(UPDATE: This whole post was secretly just preparation for my interview with FCC Commissioner Nathan Simington a couple weeks later.)
(TW: net neutrality, pasta racism, NCTA v. Brand X, brief but alarmingly favorable quotation of Justice Breyer, Ted Stevens Dance Remix)
Over on Facebook, some of my friends have asked me to give an update to my 2014 post(s) which laid out a conservative argument for Title II “common carrier” regulation of Internet Service Providers.
But, honestly, not all that much has changed. Title II was imposed soon after I called for it, albeit in a limited and, in some respects, sloppy fashion. It remained in effect until 2018, when the Trump-era FCC repealed it… but the repeal itself got caught up in a legal battle (Mozilla v. FCC) which was only finally resolved in July 2020, when Mozilla decided not to appeal. That left about four months for telecoms to go wild with their newfound freedom to throttle.
Then came the presidential election. With President Biden’s victory came the inevitability of new Title II regulation. Telecoms are now right back on their best behavior, hoping to convince the FCC that they are good little boys and girls and will not put any more firefighters’ lives up for ransom, so the mean old FCC won’t ban zero-rating.
(ASIDE: I’m not really convinced the Verizon firefighter thing was a net neutrality issue, as some have argued, but it was terrible press and at least points to monopoly-like behavior at Verizon. By “monopoly-like,” I mean that only a monopolist or a fool would so abuse a sympathetic, expensive customer during a nationally-televised emergency. I don’t think Verizon is a fool.)
So net neutrality critics have been saying that “we ended net neutrality and the Internet didn’t end,” which is half-true: no, the Internet didn’t end… but, as I noted shortly after the litigation began, net neutrality never really ended, either.
Meanwhile, there have been no grand market disruptions that would tend to change my 2014 analysis. Telecom consolidation has continued apace, as mainstream economic theory predicted, because, as I explained in 2014, telecoms are natural monopolies.
There are still exactly two wired broadband competitors in my zip code (Comcast and CenturyLink). I’ve lived in four homes since 2011, and they were the only two options at all of them.
I only have bills back to 2015, but it looks like I personally pay almost exactly the same amount of money to Comcast ($60 now vs $65 then) for a lower tier of service (Performance Pro+ vs Blast), but that lower tier is apparently just as fast as what I had in 2015 (150mbps vs 150mbps), and inflation exists, so I’m overall in slightly better shape. I only have to call their customer service once a year to lock in a discount (I didn’t used to have to do that, sigh), so, on the whole, I hate Comcast much less than I did in 2014, right after I moved twice and had to spend days on their support line.
So: no news! You can reread my 2014 net neutrality post; I pretty much stand by it. (There’s a couple details I wish I could retract, not because I think I was wrong, but because I didn’t present enough evidence. C’est la vie.)
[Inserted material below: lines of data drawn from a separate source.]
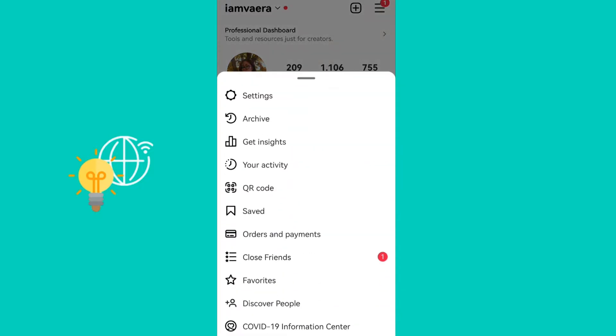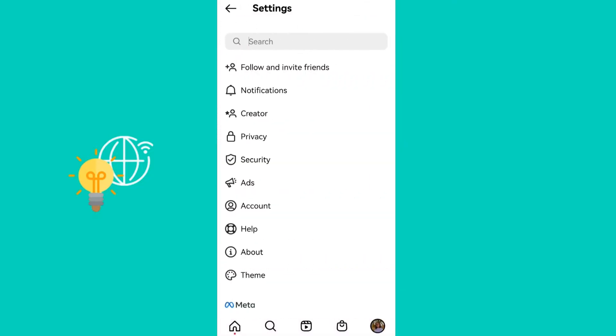After that, click on settings and then in the search bar type download.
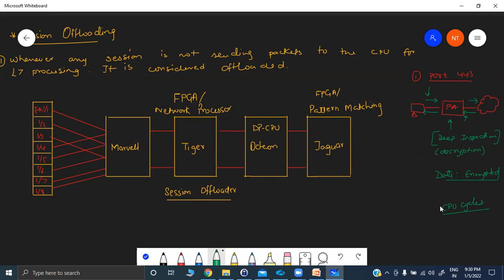If traffic is encrypted, the firewall cannot inspect, cannot do pattern matching, cannot check signatures — nothing is visible, and layer 7 processing cannot be done. You have two options: either keep trying to do inspection on these packets and waste your CPU cycles, because we know SSL is encrypted. These days 85% of websites are running on port 443, so if you have 5,000, 10,000, or 15,000 LAN users all generating SSL traffic and you cannot do deep inspection, you are just increasing CPU utilization and wasting CPU cycles that can be used somewhere else.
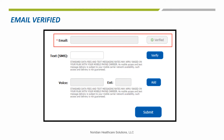After that code is successfully entered, the email will display as verified. You may set up all three MFA delivery methods if you choose to, but only one is required. If you'd like to add text or voice, select the add button, enter the phone number, and select verify.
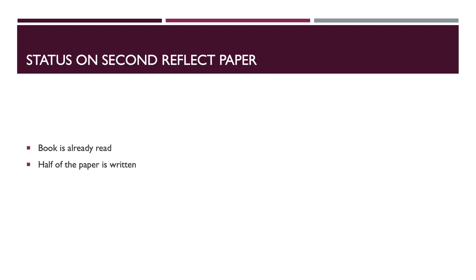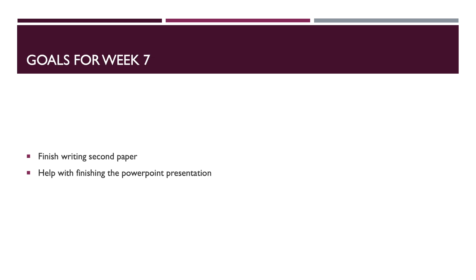So, our goals for week seven is to finish writing that paper and finish writing the PowerPoint presentation.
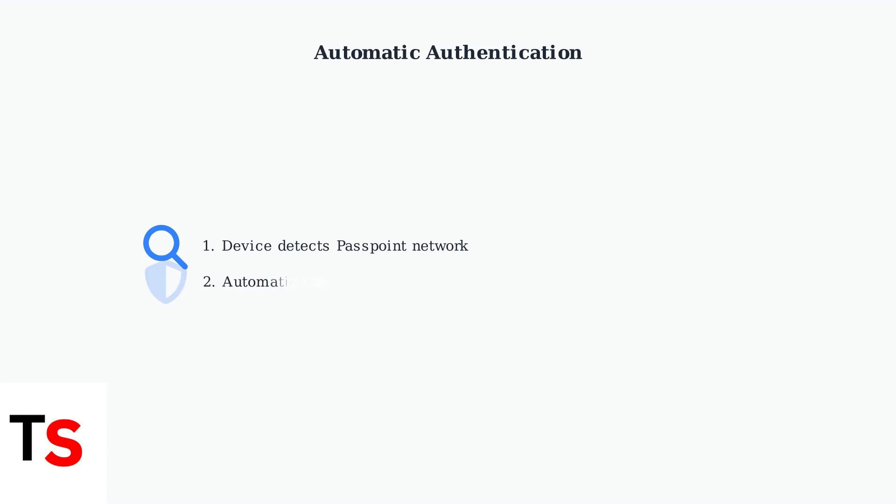The key advantage is automatic authentication. Your device automatically discovers and connects to Passpoint-certified Wi-Fi networks without requiring you to manually enter login credentials.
However, while I was rereading everything that’s happened since 2014, I was reminded of something: Republican FCC commissioners really confuse me. They’re Republicans, they grew up in the same conservative movement I did, confirmed by Republican senators I generally trust, and I really like to think that they are doing their best to follow the law and help American voters. Yet Republican FCC commissioners routinely say things that—it seems to me—clearly aren’t true, and make arguments that—it seems to me—don’t make sense. There were times during the Trump Administration when I wanted to grab Chairmain Pai (who is a super-nice guy, by all accounts) by the shoulders and shake him while shouting questions in all capital letters.
If I ever had a chance to sit down with a Republican FCC commissioner, and time were no object, and he (or she! you never know) didn’t throw a coffee in my face after the first few questions, these are the questions I would have—sans caps lock:
QUESTIONS OF TEXT AND HISTORY
As a conservative, before I talk about public policy, it’s for me important to understand how the public policy evolved, why it did so, and what the governing law means. This matters both because I’m an originalist-textualist disciple of the Federalist Society and because I’m a Chesterton’s Fence conservative. Republican FCC commissioners consistently have what I perceive as bizarre views on the text and history of net neutrality, and their seemingly erroneous conclusions inform the rest of their analysis.
1. Why do Republican commissioners consistently act as though net neutrality regulation of telecoms were unusual?
Telecoms who own the Internet’s physical network (originally including cable telecoms; see, e.g., AT&T v. Portland) were regulated directly as Title II common carriers from the unveiling of the first public ISP in 1989 until 2002, when the FCC launched its experiment in deregulating cable broadband by classifying the physical-network providers as “information services,” not “telecommunications services” in the Cable Modem Order. (Telecommunications services are subject to Title II common carriage rules; information services are not.)